# Campsite/Cafe/Police placement help



## Sheba (Nov 25, 2013)

So I'm horribly insecure about building ANY of the non-removeable PWPs since I'm scared of ruining my town - while I'm only playing since a bit over a week, I have the game almost a month but resetted for three weeks until I got this, so I don't want to ruin my town. I'm already not happy with my mayor's house placement anymore, lol. I fail like that and am actually close to not building any of the facilities at all because of that. Since at least the campsite and the Cafe are things I probably should build, though, I figured I should ask for advise. Here is a picture of my town map. 


The island is supposed to be the main "Zen" part of the town, so I don't think any of the facilities would look good there. Above the island is supposed to be a flower field of some sorts and I'll add a second house there. The whole left half is pretty much fair game, though. The only villager I might keep right now is maybe Kabuki, who lives on the island, so ignoring the villager houses is alright. The third bridge will be close to the right waterfall, where the river spawns. Just haven't build it yet because I need to unlock bridge PWPs still.

Any ideas? =/ I'm totally bad at designing layouts and stuff, so all help is appreciated.


----------



## JellyBeans (Nov 25, 2013)

Hrmm...

Campsite should perhaps go in that dip in the cliff just below the town plaza, just above that little beach island.
Cafe, hmm, perhaps somewhere in that top right area? There's a big gap there.
And Police station. Perhaps in that dip in the river by the lone villager house? Just by the cliff :3

I'm no expert either  Good luck making your town look nice c:


----------



## Dembonez19 (Nov 25, 2013)

I think it'd be neat to put the cafe and the police station around Re-Tail and make it a little town center. The campsite could be in front of the plaza like JellyBeans suggested. That'd be a nice spot.
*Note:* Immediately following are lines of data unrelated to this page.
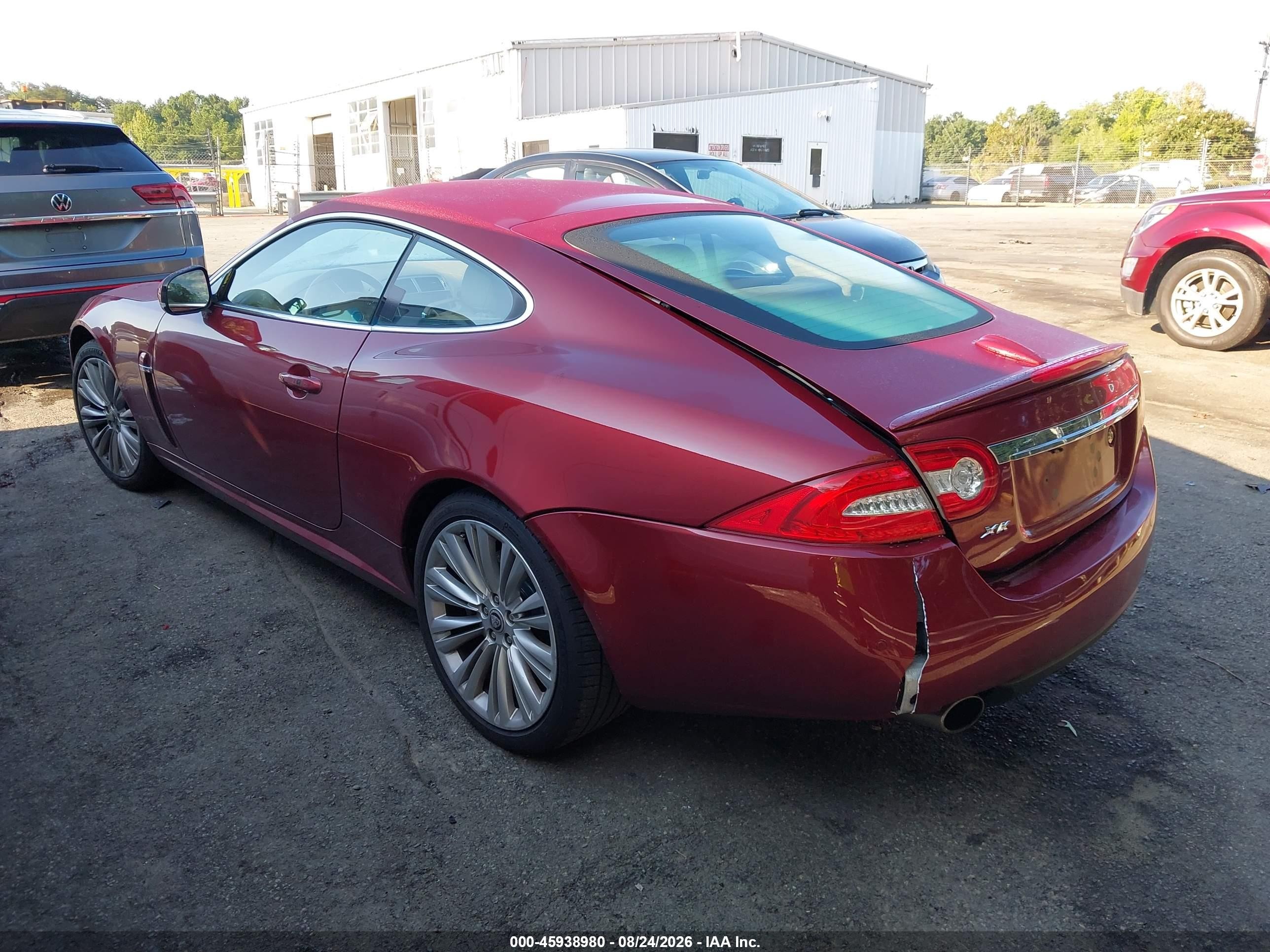 2011 Jaguar Xk   Red vin: SAJWA4FBXBLB43471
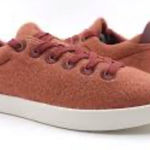 Allbirds  Women's Wool Piper sneaker in a terracotta or diablo color SIZE 8 Photo 0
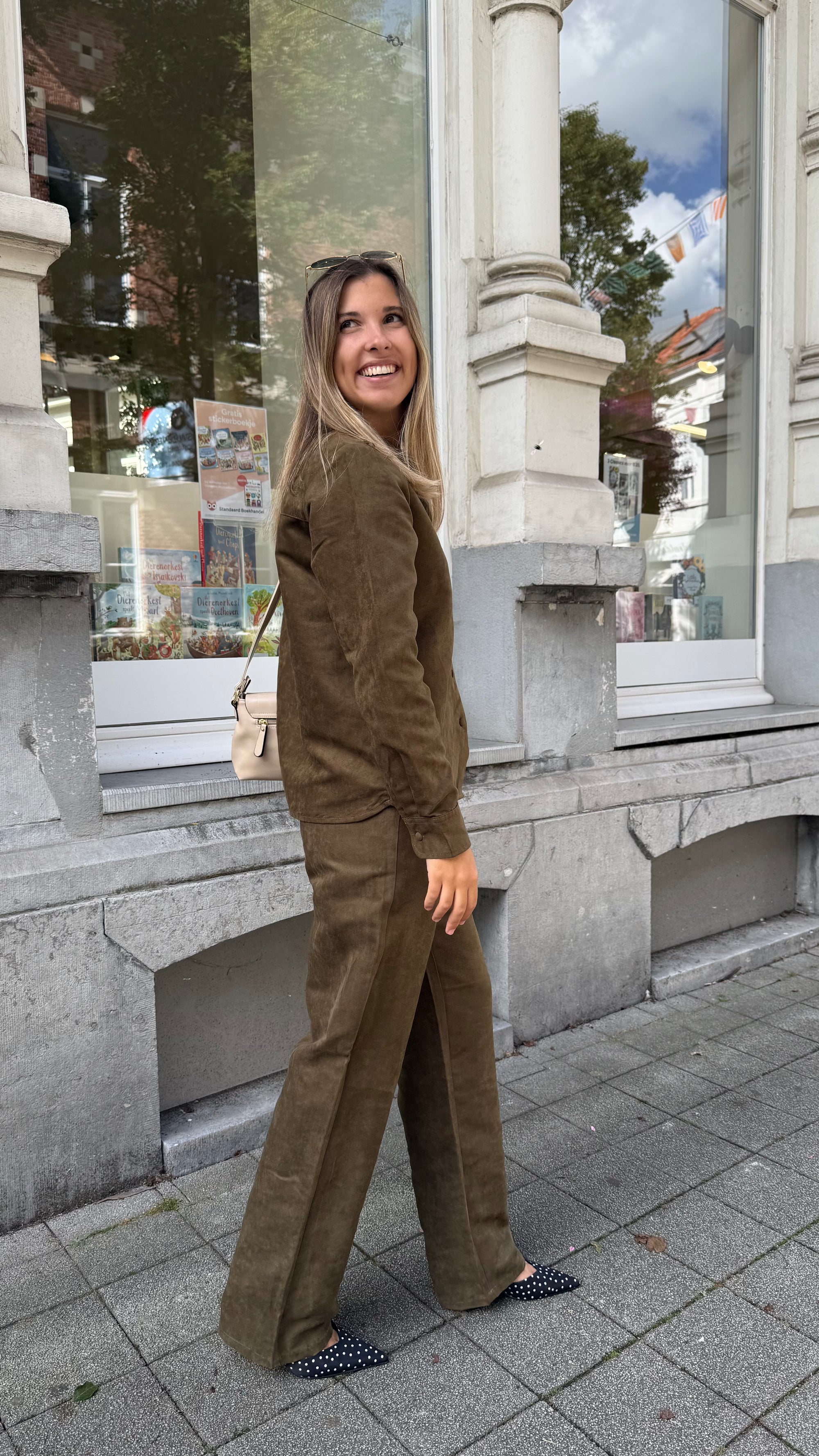Lola Kali suède trousers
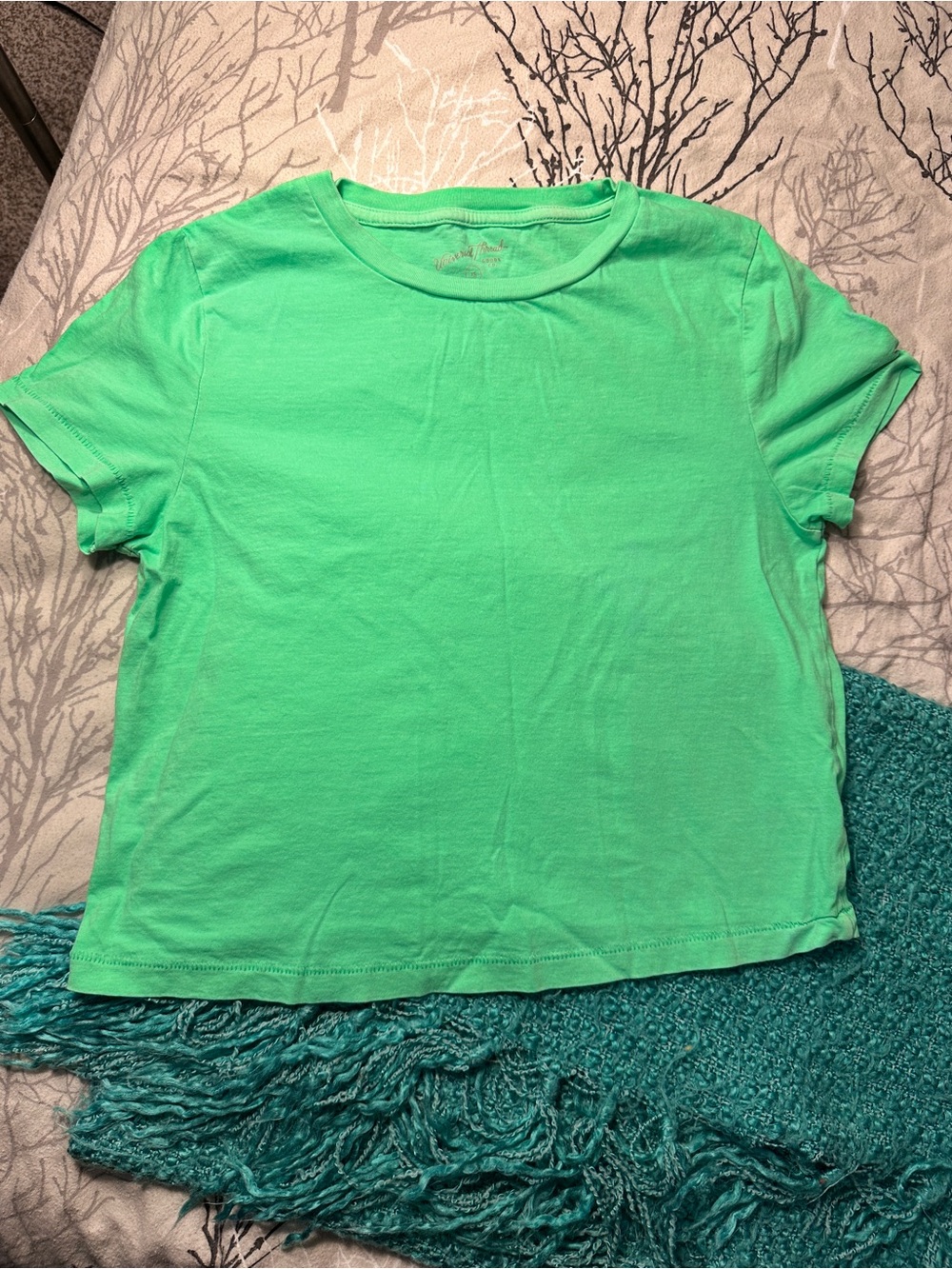 The limey-est lime green tee shirt 🍋🟩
Maybe wait until you have nine or ten villagers. Their house placements could help you out. I pretty much mapped out my entire town the moment I had ten villagers.


----------



## Azuryk (Nov 25, 2013)

I try not to think about any of that.  I just place an item where I think will be ok, then let the town play out from there.  I also will most likely never have paths in my town, I go for a natural woods look.


----------



## Sheba (Nov 25, 2013)

The dip in the river by the lone house will have the last bridge since I need a connection there. And there actually are nine villagers; the ninth has put his house on the island, right in front of the bridge (he will not live in my town for long if I have any say in it, lol). 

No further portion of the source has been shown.